:: Problem details ::
How do the lines read from the one holding "Stripes Swim Trunks" through the last line of the listing? Set them down exactly, pictures omitted.

:: Recorded data ::
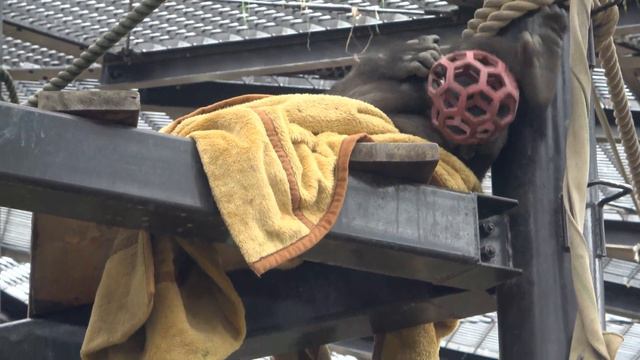 Don't scare me！Gentaro. Father gorilla will get mad at him again if he get so excited.｜Momotaro смотреть онлайн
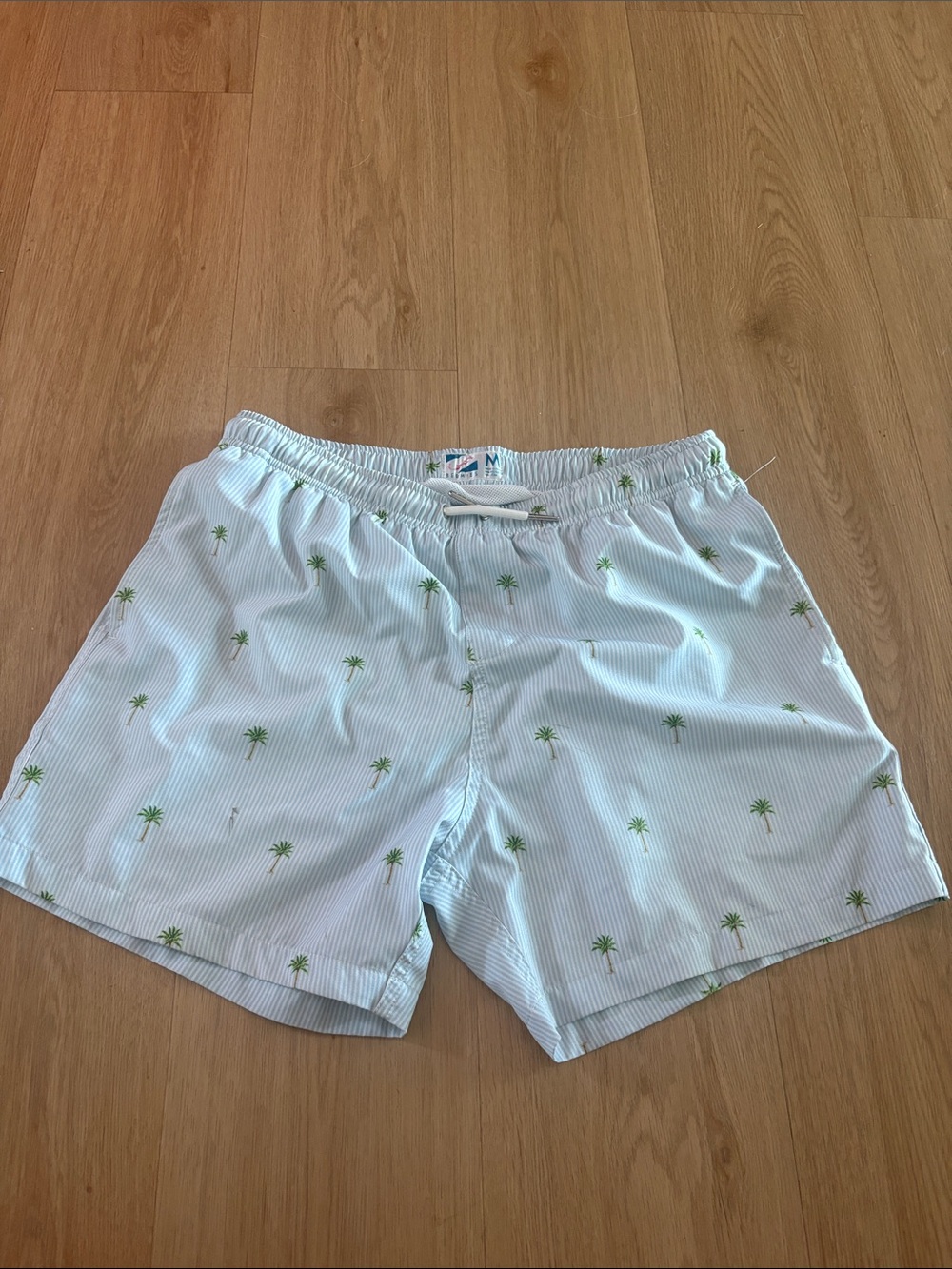 Bermie’s 5” Inseam Palm Stripes Swim Trunks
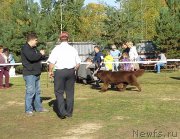 Превью фото № 163979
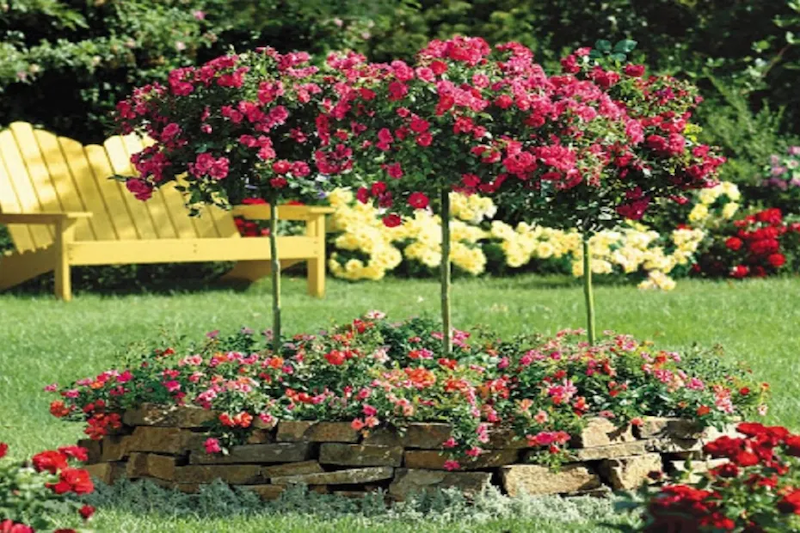 peut on planter une rose coupée rosiers avec banc dans un jardin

:: Result of this exercise ::
 Bermie’s 5” Inseam Palm Stripes Swim Trunks
 Превью фото № 163979
 peut on planter une rose coupée rosiers avec banc dans un jardin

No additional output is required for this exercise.